The first two accelerations in the video were mind blowing in person.


----------



## LegendaryItalia (Jan 12, 2006)

meh....rather have an F70


----------



## wyb (Jul 10, 2008)

LegendaryItalia said:


> meh....rather have an F70


you're really comparings a $400k car to a $1.3million (and sold out) vehicle?

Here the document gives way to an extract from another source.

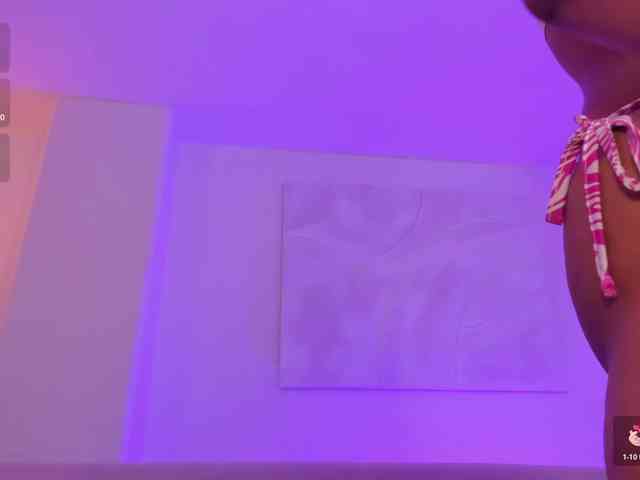 AmbarJames webcam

Seems silly to me.... both might by hyper-cars - but they're NOT comparable imo


----------



## Redline2894 (Sep 2, 2013)

wyb said:


> you're really comparings a $400k car to a $1.3million (and sold out) vehicle?
> 
> Seems silly to me.... both might by hyper-cars - but they're NOT comparable imo


I was about to say the same thing. Really can't compare the two cars.


----------



## jcm12 (Dec 6, 2011)

*Cool Video. I think*

I don't mean to hijack you thread but I thought any Lambo fan would want to see this, If you haven't already,

https://www.youtube.com/watch?v=dRxP8p3x0hY


----------



## jcm12 (Dec 6, 2011)

Sorry the video won post.


----------



## jcm12 (Dec 6, 2011)

It's a piece on 60 minutes from 1987 at the Lamborghini factory. Morley Safer riding in a Countach with Valentino Balboni, pretty cool.


----------



## TXSTYLE (Aug 29, 2006)

Thanks for sharing. Still my Dream Car since the iconic episode with the white Countach in Miami Vice.
Speaking of 'hyper cars' ... I'll take the McLaren P1 to rule them all!

Bimmer App on HTC-One


----------



## Redline2894 (Sep 2, 2013)

jcm12 said:


> I don't mean to hijack you thread but I thought any Lambo fan would want to see this, If you haven't already,
> 
> https://www.youtube.com/watch?v=dRxP8p3x0hY


feel free to haha, I don't mind haha. Thanks for sharing the vid!


----------



## jcm12 (Dec 6, 2011)

Man, just realized how bad my spelling is today. I watch that video every now and then to get the juices flowing a bit.


----------



## Redline2894 (Sep 2, 2013)

jcm12 said:


> Man, just realized how bad my spelling is today. I watch that video every now and then to get the juices flowing a bit.


Yeah, Ferruccio Lamborghini has a pretty damn good story on how it all started lol.


----------



## mark_m5 (Sep 16, 2006)

I'd like an Aventador, but not sure I'd like people following me around with video cameras!


----------



## Redline2894 (Sep 2, 2013)

mark_m5 said:


> I'd like an Aventador, but not sure I'd like people following me around with video cameras!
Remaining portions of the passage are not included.